Monday, July 11, 2011 matter what

How do you process the 'stuff' of life?  I think, pray, write - not always in that order and sometimes one of those is revisited multiple times.  I may talk to someone who is a confidant that I know will support and pray for / with me but for that to happen, that individual is someone that I've already established a pretty strong trust level with.

Recently, we've been walking through some stuff with our eldest.  Sounds so old.  He's 10.  Nothing that is jaw-drop worthy and many would probably consider it 'normal' for a kiddo his age - even subdued compared to others they might know.  Probably so.  But I'd like to deal with it now (thank you very much) than have a bigger issue years down the road.

I want to enjoy every stage of his life and see him experience success in each. Neither of these things were happening for about 1-2 weeks.  Too long of a time frame in my book. I was getting annoyed and irritated by his actions and reactions and, in retrospect didn't respond to either in a stellar manner.  Definitely not up for the mother-of-the-year award.

Something had to change.

During my walk on Wednesday, I was having a conversation with God - doing more listening than talking this time around.  That's never a bad thing. Even when He points out stuff that isn't so great in me.

The end result was a letter that I wrote and then shared in person with my son later that night.  I don't really know what he thought of the whole thing.  Maybe he thinks his Mom is a little whacked or that I care too much.  I don't really care - he knows he is loved no matter what and in the end, that is pretty darn awesome.

Change happened.  Not perfection but that's not what I'm looking for.  I've seen him make choices intentionally and thoughtfully.  I am so proud of him. And yes, I keep telling him that too.

The letter is definitely personal and I really wasn't planning on sharing it with whoever may happen upon this blog.  But then I thought, how many parents have actually written a letter to their child and given it to them?  I don't remember getting notes from my parents (other than cards for birthday and other special occasions) until I went away to college.  And I still have those letters. I also thought about the fact that there might be some other mommas going through some of this stuff.  Why not let them know they aren't alone.  You aren't alone.
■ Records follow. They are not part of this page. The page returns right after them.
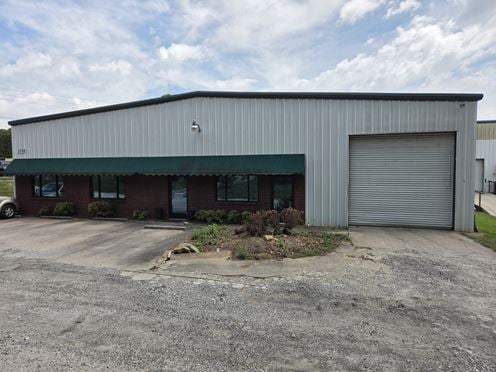 Office / Warehouse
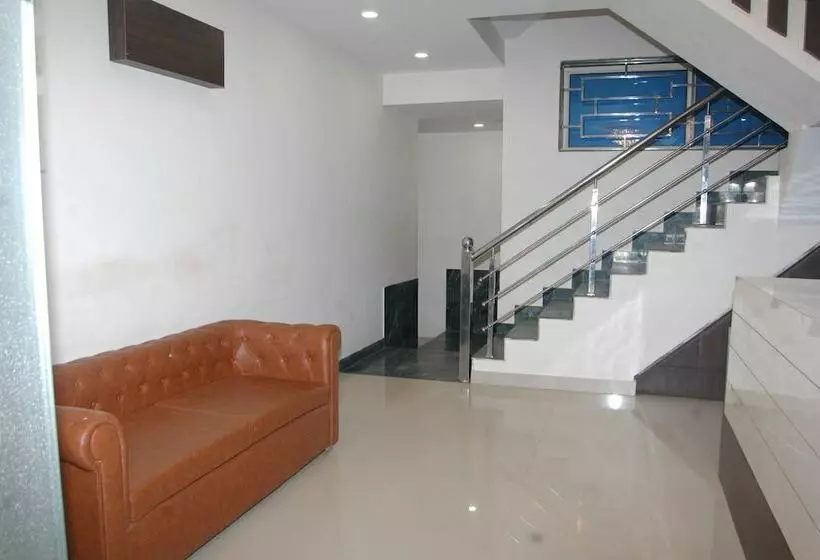 Hotel Surya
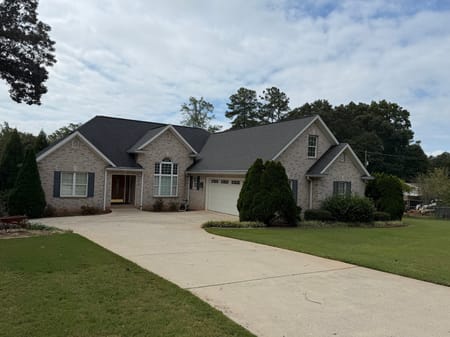 Oakwood, GA 30566 Hall County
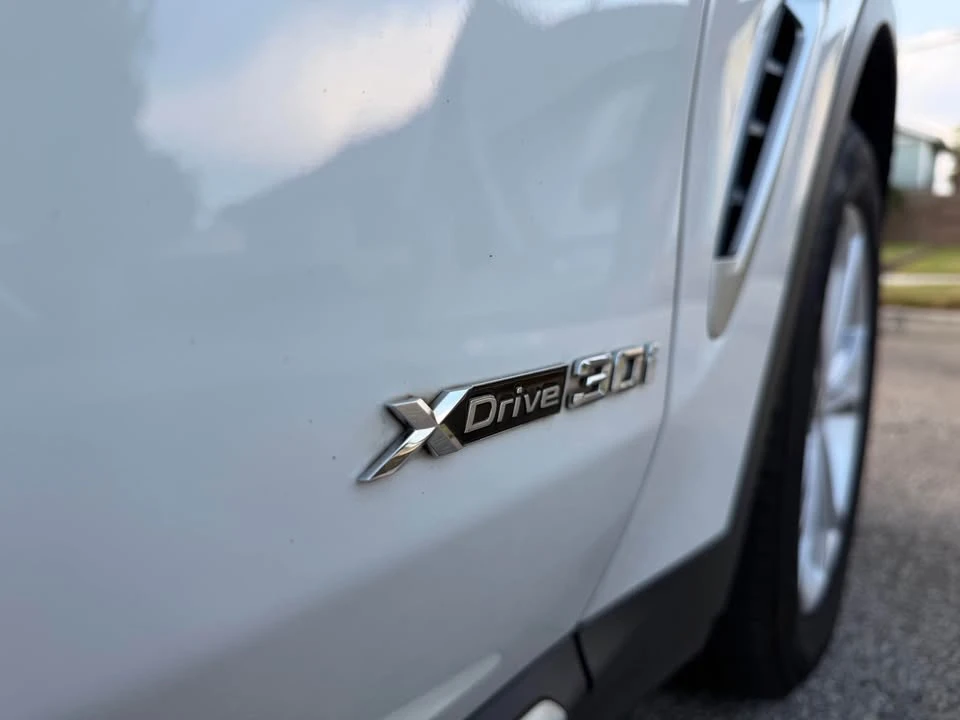 2018 BMW G01 X3 - Image 7 of 20
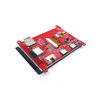 MaTouch ESP32-C3 RISC-V - SPI TFT Touch 3.5 ILI9488 - Ansicht 5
My first real-life letter to my son...and it probably won't be the last...

My son. You are awesome. A unique masterpiece, woven together by our Father. A gift given to Mommy and Daddy with the responsibility to raise you as a man who has a healthy awe of God. One whose actions and words will bring glory to His name. There is a leadership anointing on you. We've seen it since your youth. Great leaders are also humble servants.

When I see you - look at you - my heart melts. You are a promise fulfilled. You are a handsome young man and a blessing to us. You have many skills - gifts and talents. Some are similar to me and others to Dad. Some are unique to you - gifts trusted to you by our Creator.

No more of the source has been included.